Presenter: Addison Hoskins, Gatton Academy; Tasha Otieno, Gatton Academy
Abstract: Using synthetic data from the user input, our project works to analyze population growth trends and predict future population changes through differential equations, like the Verhulst Model. Our program will prompt the user to select a biome, select an animal, and input values for the current and past populations of the species. Using the logistic growth model, our program will predict future population changes at small increments of time and curve fit the data to generate a function matching the predicted population sizes. This information will then be displayed onscreen, along with a brief overview of the ideal environmental conditions.

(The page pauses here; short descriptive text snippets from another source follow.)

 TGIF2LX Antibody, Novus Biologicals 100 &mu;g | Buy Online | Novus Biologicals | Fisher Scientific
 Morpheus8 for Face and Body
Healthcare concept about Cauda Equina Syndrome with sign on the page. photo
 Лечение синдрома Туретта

Presenter: Dr. John Erickson, Department of Information Systems
Abstract: Open-ended questions in mathematics are commonly used by teachers to monitor and assess students’ deeper conceptual understanding of content. Student answers to these types of questions often exhibit a combination of language, drawn diagrams and tables, and mathematical formulas and expressions that supply teachers with insight into the processes and strategies adopted by students in formulating their responses. While these student responses help to inform teachers on their students’ progress and understanding, the amount of variation in these responses can make it difficult and time-consuming for teachers to manually read, assess, and provide feedback to student work. For this reason, there has been a growing body of research in developing AI-powered tools to support teachers in this task. This work seeks to build upon this prior research by introducing a model that is designed to help automate the assessment of student responses to open-ended questions in mathematics through sentence-level semantic representations. We find that this model outperforms previously published benchmarks across three different metrics. With this model, we conduct an error analysis to examine characteristics of student responses that may be considered to further improve the method.

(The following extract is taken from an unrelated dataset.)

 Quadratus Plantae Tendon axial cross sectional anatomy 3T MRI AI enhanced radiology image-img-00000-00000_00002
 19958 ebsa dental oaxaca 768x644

Presenter: Holly McClure, Gatton Academy; Sophie Wielawski, Gatton Academy
Abstract: Our project will use existing government data for U.S. domestic flights, as well as MATLAB analysis prediction features, to estimate the cheapest destination options personal to the user. The user will be prompted to enter their current state, desired vacation region ( urban, coastal, mountainous, etc.), and the season they plan to vacation during. The code will compare the user inputs to the predicted data to display the information of the most affordable travel destinations.

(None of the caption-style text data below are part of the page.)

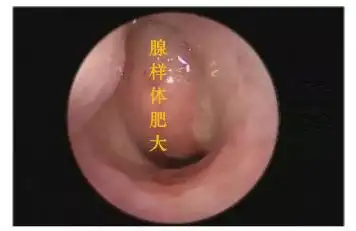 「中民耳鼻喉科普」腺样体肥大怎么办?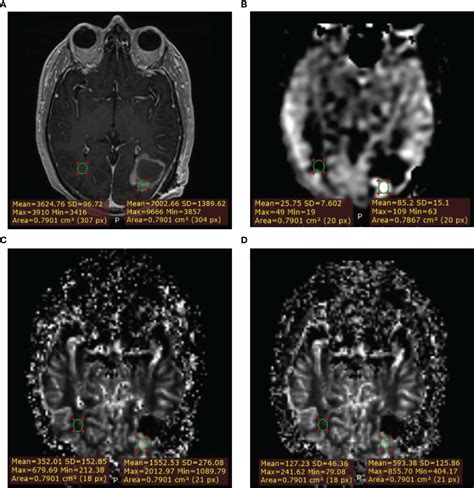 Frontiers Diagnostic Accuracy Of Arterial Spin Labeling In Comparison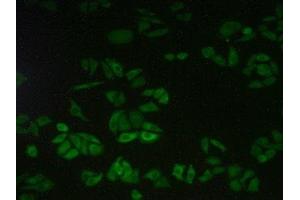 Detection of CAPN2 in Human Hela Cells using Polyclonal Antibody to Calpain 2 (CAPN2) (Calpain 2 antibody  (AA 45-514))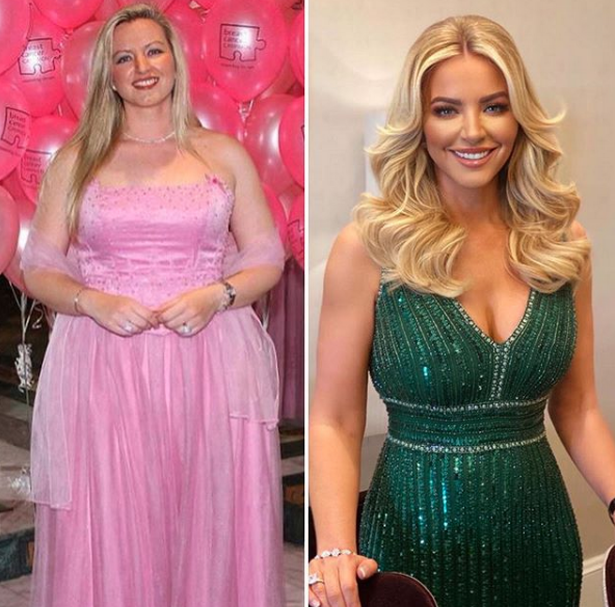 Before and After photo of Michelle Moan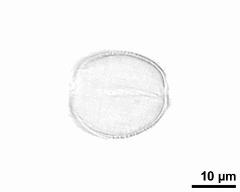 pollen grain after acetolysis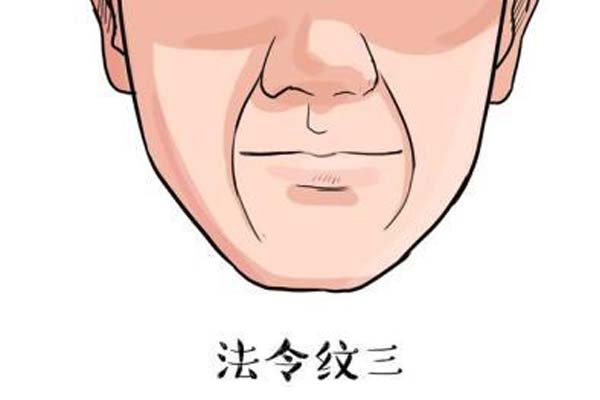 上海注射玻尿酸去除嘴角纹价格是多少钱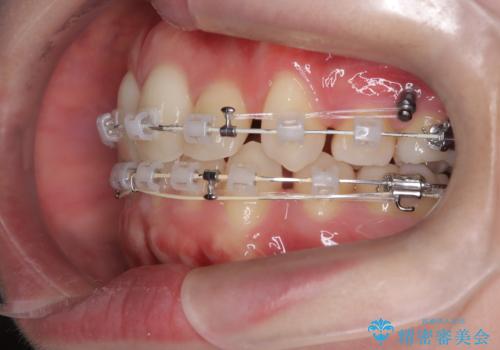 上下4本の抜歯と審美ワイヤー矯正で整った歯並びへの治療中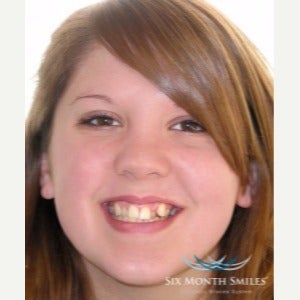 25-34 year old woman treated with Six Month Smiles before 2466162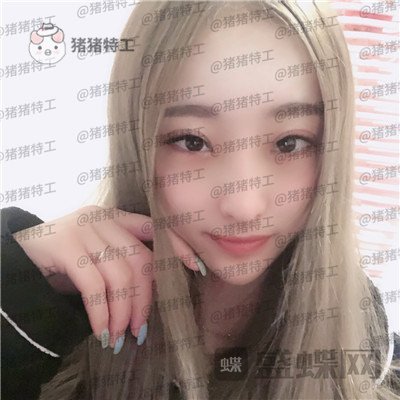 北京润美玉之光王明利面部填充案例价格分享,法令纹显老全部消失了回到18岁~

Presenter: Jake Boils, Department of Physics; Lars Hebenstiel, Department of Physics; Dr. Gordon
Emslie, Department of Physics; Dr. Ivan Novikov, Department of Physics
Abstract: Solar flares are extremely intense releases of mass and energy and can hurl charged particles towards Earth, damaging electronics. It is important to us to be able to predict such occurrences. In March of 2024, NASA plans to launch two instruments to study solar flares. Using various solar data sources, on the order of 50 petabytes, we plan to construct a convolutional neural network (CNN) to predict solar flares for this NASA mission. So far, we have studied our data sets and have constructed a small four-dimensional datacube in (t,λ,x,y), and have trained a small CNN to classify flares.